- WHAT TO WORK ON -
From the entries below, reproduce exactly the line containing "Cool Halı Daisy", the line containing "Ensemble Short Et", and every line in between, with nothing added.
(Beginning of MATERIAL TO PROCESS)
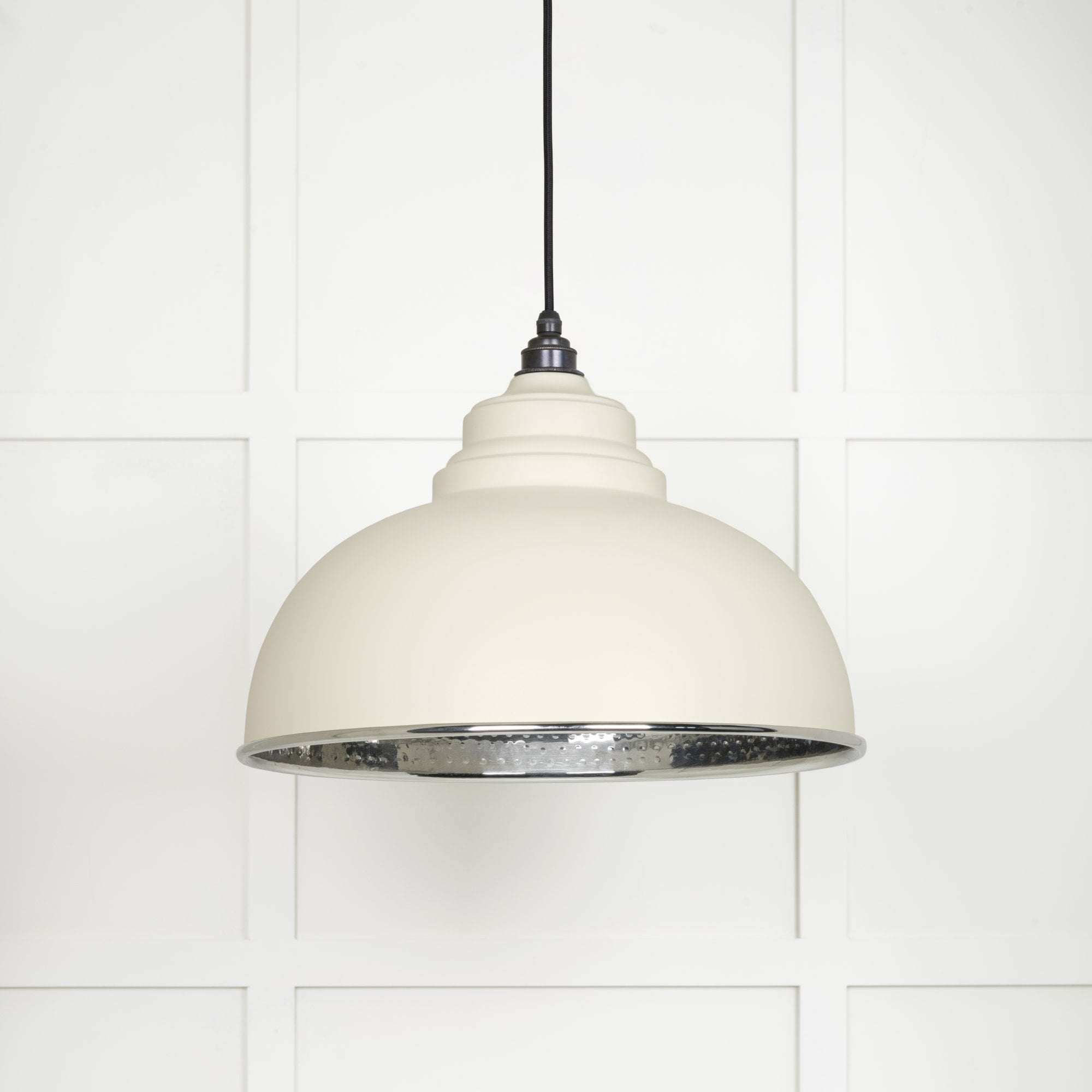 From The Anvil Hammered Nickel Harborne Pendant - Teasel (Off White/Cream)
(End of MATERIAL TO PROCESS)
(Beginning of MATERIAL TO PROCESS)
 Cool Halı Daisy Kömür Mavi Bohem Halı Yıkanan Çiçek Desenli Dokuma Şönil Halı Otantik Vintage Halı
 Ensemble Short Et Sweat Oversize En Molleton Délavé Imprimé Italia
(End of MATERIAL TO PROCESS)
- FINISHED TASK -
 Cool Halı Daisy Kömür Mavi Bohem Halı Yıkanan Çiçek Desenli Dokuma Şönil Halı Otantik Vintage Halı
 Ensemble Short Et Sweat Oversize En Molleton Délavé Imprimé Italia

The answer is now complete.